Below is a simple example where we pretend we only have the samples shown below. We are interested in comparing the relative abundance of Preteobacteria between the left palm and the right palm. We also want to perofrm the comparison in the context of days-since-experiment-start (i.e. paired comparison).

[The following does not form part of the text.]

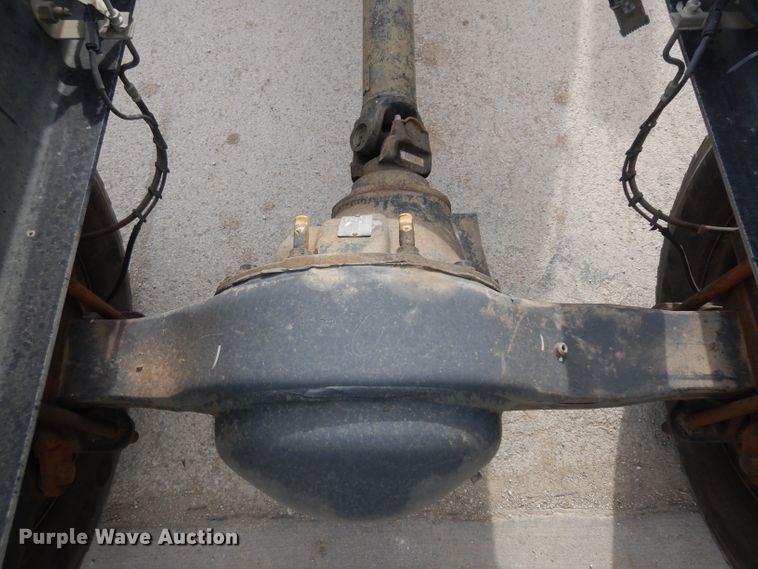 image for item GY9067 2006 GMC C7500 truck cab and chassis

from qiime2 import Metadata

metadata = Metadata.load('data/moving-pictures-tutorial/sample-metadata.tsv')
sample_names = ['L2S240', 'L3S242', 'L2S155', 'L4S63', 'L2S175', 'L3S313', 'L2S204', 'L4S112', 'L2S222', 'L4S137']
metadata = metadata.filter_ids(sample_names)
mf = api.get_mf(metadata)
mf
barcode-sequence body-site year month day subject reported-antibiotic-usage days-since-experiment-start
sample-id
L2S155 ACGATGCGACCA left palm 2009.0 1.0 20.0 subject-1 No 84.0
L2S175 AGCTATCCACGA left palm 2009.0 2.0 17.0 subject-1 No 112.0
L2S204 ATGCAGCTCAGT left palm 2009.0 3.0 17.0 subject-1 No 140.0
L2S222 CACGTGACATGT left palm 2009.0 4.0 14.0 subject-1 No 168.0
L3S242 ACAGTTGCGCGA right palm 2008.0 10.0 28.0 subject-1 Yes 0.0
L3S313 AGTGTCACGGTG right palm 2009.0 2.0 17.0 subject-1 No 112.0
L2S240 CATATCGCAGTT left palm 2008.0 10.0 28.0 subject-2 Yes 0.0
L4S63 CTCGTGGAGTAG right palm 2009.0 1.0 20.0 subject-2 No 84.0
L4S112 GCGTTACACACA right palm 2009.0 3.0 17.0 subject-2 No 140.0
L4S137 GAACTGTATCTC right palm 2009.0 4.0 14.0 subject-2 No 168.0
qzv_file = 'data/moving-pictures-tutorial/taxa-bar-plots.qzv'


ax = api.taxa_abundance_box_plot(qzv_file,
                                 level=2,
                                 hue='body-site',
                                 taxa_names=['k__Bacteria;p__Proteobacteria'],
                                 show_others=False,
                                 figsize=(6, 6),
                                 sample_names=sample_names,
                                 add_datapoints=True,
                                 include_samples={'body-site': ['left palm', 'right palm']},
                                 csv_file='output/Dokdo-API/addpairs.csv',
                                 artist_kwargs=dict(show_legend=True, ymax=70))

plt.tight_layout()
api.addpairs('k__Bacteria;p__Proteobacteria', 'output/Dokdo-API/addpairs.csv', 'days-since-experiment-start', 'body-site', 'left palm', 'right palm', ax=ax)
api.addsig(-0.2, 0.2, 65, t='p-value = 0.0625', ax=ax)

addpairs-1C

8 Likes

Hi! Thank you for an excellent tutorial!
It would be nice to have it earlier when I was redrawing a lot of figures from Qiime2 in Python and Jupyter lab :laughing:
Will save it for the future

4 Likes

Hi @sbslee, this is really neat! :desktop_computer:

Thank you so much for sharing this with the :qiime2: community!

3 Likes

Hello! This is just to announce that a new version of Dokdo is available (1.1.0). The tutorial has been updated to reflect the changes as well. If you have any questions, please let me know.